Percentages as operators
A percentage p% interpreted as an operator means multiply by p/100. Because p% converts to the decimal multiplier p ÷ 100, applying p% of an amount scales the amount by that multiplier. Percentages greater than 100 produce a larger result, percentages between 0 and 100 reduce the amount, and negative percentages invert the sign and scale.
The 'of' keyword means multiply
The word 'of' in expressions such as '1/2 of 30' indicates multiplication, causing evaluation as (1/2) × 30. Because 'of' triggers multiplication, expressions with 'of' do not indicate division or subtraction by default. The consequence is direct calculation by converting the fraction or percentage to a multiplier and multiplying the amount.
Percent change as an operator
A percentage increase or decrease acts as a multiplier of the form 1 ± p/100. Because adding or subtracting the fractional part produces the multiplier, successive percentage changes produce multiplication of multipliers. The effect of successive changes compounds rather than adds: applying +20% then +10% results in a net multiplier of 1.2 × 1.1 = 1.32, causing a 32% increase overall.

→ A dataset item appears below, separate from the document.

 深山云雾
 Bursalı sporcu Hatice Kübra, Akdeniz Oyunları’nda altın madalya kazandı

Reversing an operator to find original amount
Finding the original amount before a fraction or percentage operator requires dividing by the multiplier. Because forward application multiplies by m, reversing requires division by m. For example, if the result after applying 70% is 84, the original amount equals 84 ÷ 0.7 = 120. Division by zero is not permitted; multipliers must be non-zero.

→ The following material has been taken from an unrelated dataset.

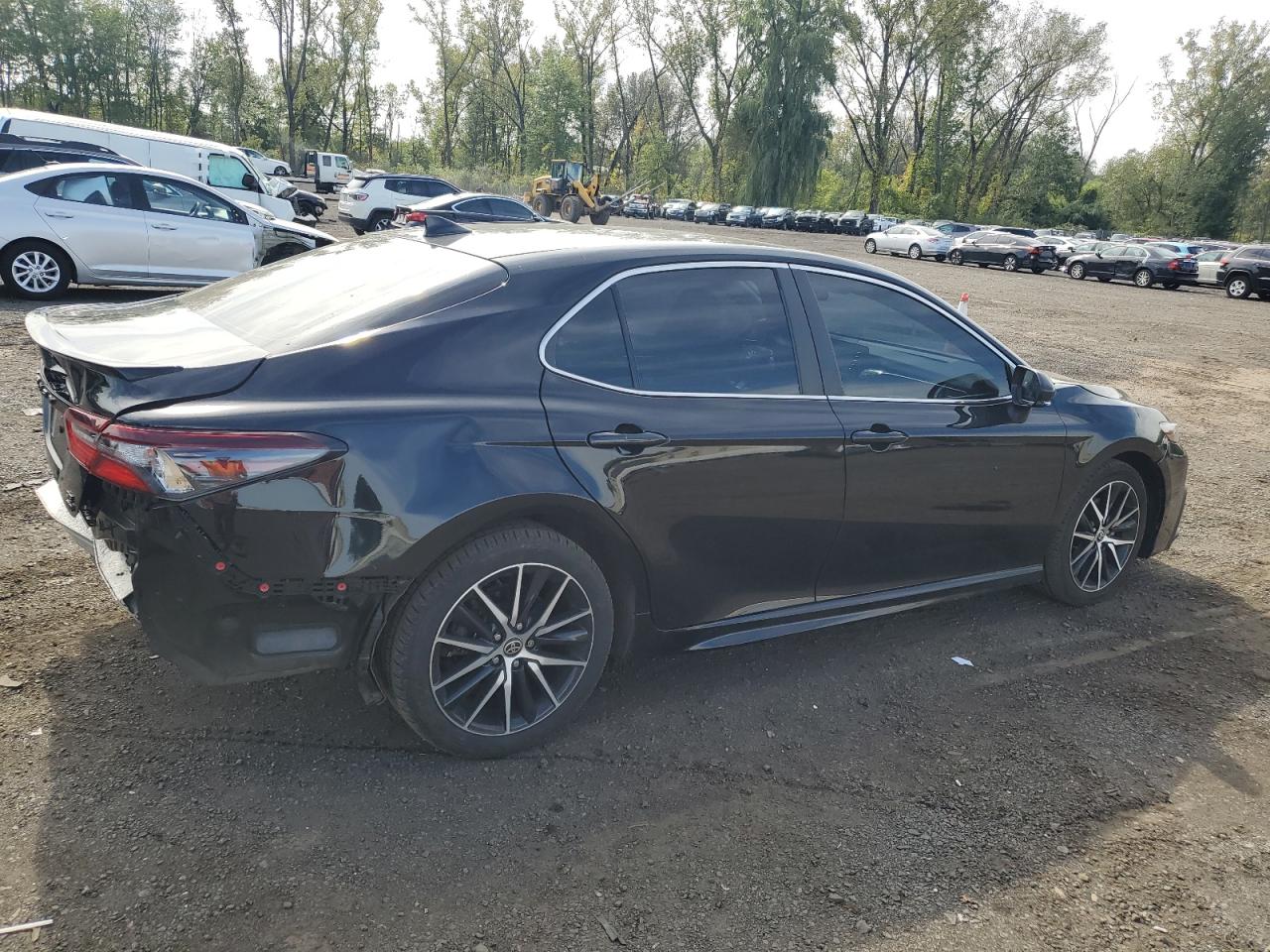 TOYOTA CAMRY SE NIGHT SHADE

Combining and simplifying operators
Multiple fractions and percentages combine through multiplication of their multipliers. Because multiplication is commutative, the order of operators does not change the final product, but the effect compounds. Converting every operator to a decimal multiplier first and then multiplying produces the final scaling factor, which simplifies calculation and reduces error.